President Akufo-Addo’s comments on the ‘cash for seat’ saga despite it being probed by a parliamentary committee are unacceptable, renowned legal practitioner, Prof. H. Kwesi Prempeh has said.
President Akufo-Addo in his encounter with the media at the Flagstaff House Wednesday described the allegation as flimsy and irresponsible.
“In fact, I think that the position that I have taken potentially…could lend me into a lot of problems which is to say that any allegation that is made against any appointee of mine will be investigated.
“And that opens you up for having to investigate even the flimsiest and irresponsible allegations that are made. …like for instance what is going on in parliament now,” the President said.
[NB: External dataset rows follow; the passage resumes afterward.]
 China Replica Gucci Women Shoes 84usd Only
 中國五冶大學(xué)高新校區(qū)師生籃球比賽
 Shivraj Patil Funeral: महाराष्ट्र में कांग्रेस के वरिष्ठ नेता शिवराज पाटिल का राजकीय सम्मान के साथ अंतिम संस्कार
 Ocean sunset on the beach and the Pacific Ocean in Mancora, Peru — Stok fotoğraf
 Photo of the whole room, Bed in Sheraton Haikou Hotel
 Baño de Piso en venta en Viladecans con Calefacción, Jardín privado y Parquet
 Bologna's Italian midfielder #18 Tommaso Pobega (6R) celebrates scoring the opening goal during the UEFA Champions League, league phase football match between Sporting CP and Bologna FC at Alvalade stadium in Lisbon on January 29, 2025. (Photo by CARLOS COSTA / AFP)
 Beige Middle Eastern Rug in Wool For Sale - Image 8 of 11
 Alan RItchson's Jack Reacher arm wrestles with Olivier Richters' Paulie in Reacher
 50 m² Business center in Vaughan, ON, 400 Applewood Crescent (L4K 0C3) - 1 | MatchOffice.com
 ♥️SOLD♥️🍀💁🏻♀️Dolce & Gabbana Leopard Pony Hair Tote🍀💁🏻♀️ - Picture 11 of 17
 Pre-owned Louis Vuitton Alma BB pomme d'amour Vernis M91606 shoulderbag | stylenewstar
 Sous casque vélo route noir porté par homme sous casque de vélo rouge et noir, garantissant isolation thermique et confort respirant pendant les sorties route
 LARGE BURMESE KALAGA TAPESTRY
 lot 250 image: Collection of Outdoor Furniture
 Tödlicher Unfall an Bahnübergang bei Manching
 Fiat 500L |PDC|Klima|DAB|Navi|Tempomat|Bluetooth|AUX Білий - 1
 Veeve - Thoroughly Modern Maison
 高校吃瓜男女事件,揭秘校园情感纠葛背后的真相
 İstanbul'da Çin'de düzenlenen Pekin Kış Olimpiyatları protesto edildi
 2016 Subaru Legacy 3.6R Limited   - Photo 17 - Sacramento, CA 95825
But reacting to the president’s comments in an interview with Starr News’ Atiewin Mbillah-Lawson Prof. Prempeh argued that the committee’s work is critical to deepening the country’s democracy.
“….I think that parliament has a role. The parliamentary probe is definitely necessary. Parliament’s job is to oversee the executive including…matters like this,” he stated.
He added, “I don’t think that I would have advised that kind of choice of words. Especially, after he has taken credit for the NPP having done something that the previous administration had never done using parliament [which is] that we have allowed a parliamentary investigation to go on. He cannot say that and then turn around and say it is flimsy.”
Touching on the president’s unbendable conviction that the Trade Minister did nothing wrong in the ‘cash-for-seat’ saga, he said “pronouncing your men and women free of corruption are not always the right thing to do because there are a lot that the President may not know, may not hear and may not see.”
“If you take up on yourself to clear your Ministers of wrong doing it becomes difficult for any citizen to really move forward with any other allegation because the president is always going to support his Ministers.
“So that’s the impression you create that the president is always going to support his Ministers and clear them because if a Minister is seen as corrupt it reflects poorly on the president who chose that person,” he added.